I have the impression that even a great many, perhaps the majority, of pacifist ministers will work harder to keep a young pacifist parishioner from taking the “absolutist” position and going to jail rather than into civilian service, than they would work to get the run of the mill young parishioners to think seriously about not going into the army. They seem somehow to feel that a more awful thing is happening to the young CO who goes to jail than to the 18-year-old who goes into the army. It is my impression that this same feeling is an unconscious factor in the thinking of many lay pacifists when they react strongly against the idea of COs going to prison. This puzzles me greatly. Why should they have this reaction?

Army or Jail?

To my mind—even apart from the sufficiently appalling factor of being systematically trained for wholesale killing and subjected to the risk of being killed in brutal war—there are few if any more evil and perilous situations to put young men into than the armed forces. I should feel much deeper grief over having possibly had some part in getting some youth to go into the armed forces than over having some responsibility for bringing a young man to go to prison for conscience’s sake. Are the qualms people feel about youthful COs going to prison in certain instances perhaps due to the fact that taking the non-registrant position is something very unusual and regarded with social disapproval, whereas becoming a soldier is extremely common and meets with the highest social approval? It may be, therefore, that there are some ministers and other older people who should examine themselves as to whether their feelings in the matter under discussion are due to the fact that they themselves might find life in the community or in the church very uncomfortable if they were suspected of having influenced a youth to take a radical anti-draft stand, whereas all men will speak well of them—or at least not too ill—if they have helped, or at least not hindered, young Christians in adjusting themselves to the idea of going into the army. Is it just possible that we older people are sometimes concerned with sparing ourselves when we think we are solely concerned about sparing teen-agers?

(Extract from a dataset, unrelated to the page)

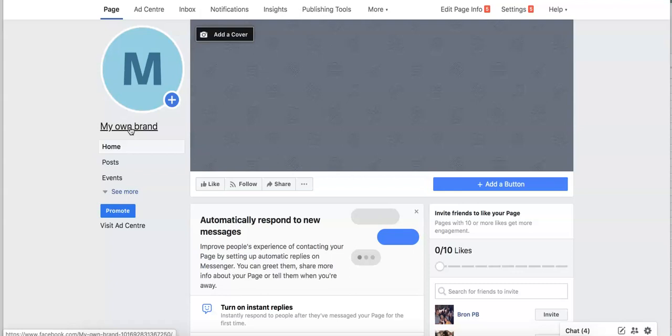So just remember when you first open up your Facebook business page, get everything set up nicely like the video we showed you. This video will only be for customers who did not buy a website package from us where we set all of this up. If you have just bought the course without us building everything for you, this is exactly how you open up your Facebook page.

To return to the 18-year-old. There are young men who on physical and psychological grounds are exempted from army service. There may well be COs who should on similar grounds be exempted from any kind of service. If such a physically or mentally ill CO is refused exemption, he should perhaps be discouraged from undergoing the risks of prison experience if there is an alternative for him. This still leaves us with the problem of the majority of pacifist and non-pacifist youth who are not ill.